Here, $Q_j(x,t)={[-{\displaystyle \frac{{\hslash }^2}{2m_j}}{\displaystyle \frac{{\nabla }_{x_j}^{2}R}{R}}]}_{x_{-i}=X_{-i}\left(t\right)}$ is the quantum potential associated with particle j. The crucial insight is that the coupling consists of a position-dependent quantum potential, ${\mathcal{Q}}_{-i}(x,t)$, and two terms, $\mathcal{T}\left(t\right)$ and $\mathcal{D}\left(t\right)$, that depend only on time. These time-dependent terms can be absorbed into a physically irrelevant phase factor via a gauge transformation, ${\psi }_i(x,t)=e^{\Lambda \left(t\right)}{\mathsf{\Phi }}_i(x,t)$. This yields the final, tidy evolution equation for the rescaled 3D wave function ${\mathsf{\Phi }}_i$:

$$i\hslash {\displaystyle \frac{\partial {\mathsf{\Phi }}_i}{\partial t}}=\left(-{\displaystyle \frac{{\hslash }^2}{2m_i}}{\nabla }_x^2+V_i(x,X_{-i}\left(t\right))\right){\mathsf{\Phi }}_i+{\mathcal{Q}}_{-i}(x,t){\mathsf{\Phi }}_i.$$

(6)

This equation captures the dynamical content of the proposed 3D ontology. It shows that each particle’s wave function ${\mathsf{\Phi }}_i$ evolves via a local Schrödinger equation, plus a single, non-local quantum potential ${\mathcal{Q}}_{-i}(x,t)$. This term precisely encodes the influence of all other particles, mediated by the curvature of the universal wave function’s amplitude at their actual positions.
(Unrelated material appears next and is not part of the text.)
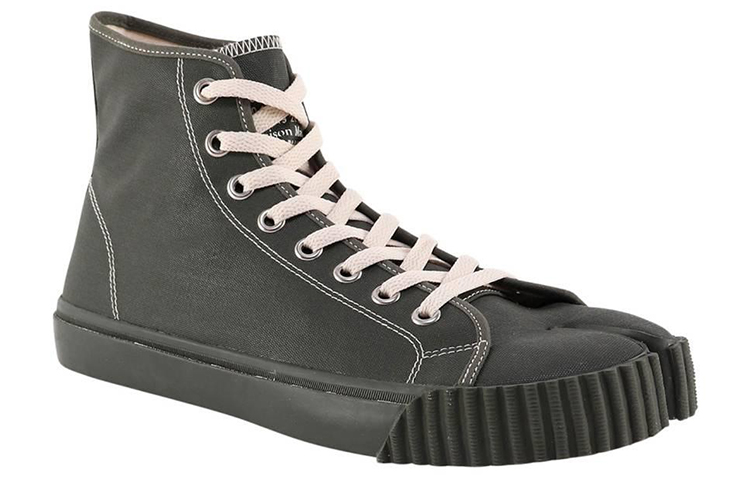 Lookbook Maison Margiela Tabi Tinggi 'Hijau Tua' S37WS0580P4472H9015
Although the conditional wave function ${\psi }_i(x,t)$ and the transformed field ${\mathsf{\Phi }}_i(x,t)$ are mathematically distinct, they represent the same underlying physical structure at different descriptive levels. The conditional wave function provides the direct link to the universal wave function $\mathsf{\Psi }$, whereas ${\mathsf{\Phi }}_i(x,t)$ is the dynamically autonomous representation that makes the three-dimensional field ontology explicit.

3.3. Guidance, Equivariance, and the Axiomatic View

The particle’s motion is guided by its associated 3D wave function. Since the gauge transformation is spatially uniform, the guiding law can be expressed equivalently using ${\psi }_i$ or ${\mathsf{\Phi }}_i$:

$${\dot{X}}_i\left(t\right)={\displaystyle \frac{\hslash }{m_i}}\mathrm{Im}{\left[{\displaystyle \frac{{\nabla }_x{\mathsf{\Phi }}_i(x,t)}{{\mathsf{\Phi }}_i(x,t)}}\right]}_{x=X_i\left(t\right)}={\displaystyle \frac{1}{m_i}}{\nabla }_x{S}_i(x,t){|}_{x=X_i\left(t\right)}.$$

(7)

The non-local term ${\mathcal{Q}}_{-i}(x,t)$ in the evolution equation (6) is precisely what is needed to ensure that the dynamics of the 3D fields and particles preserves the quantum equilibrium distribution ${\left|\mathsf{\Psi }\right|}^2$, a property known as equivariance. This naturally leads to an alternative, but fully equivalent, axiomatic formulation of Bohmian mechanics:

1.

Ontology: The ontological primitives consist of particles with positions $X_i\left(t\right)\in {\mathbb{R}}^3$ together with a set of corresponding fields $\left\{{\mathsf{\Phi }}_i(x,t)\right\}$ on ${\mathbb{R}}^3$.

2.

Guidance Postulate: Each particle is guided by its field via Equation (7).

3.

Evolution Postulate: The fields evolve according to the coupled evolution equation (6), where the non-local coupling is given by the quantum potential ${\mathcal{Q}}_{-i}$.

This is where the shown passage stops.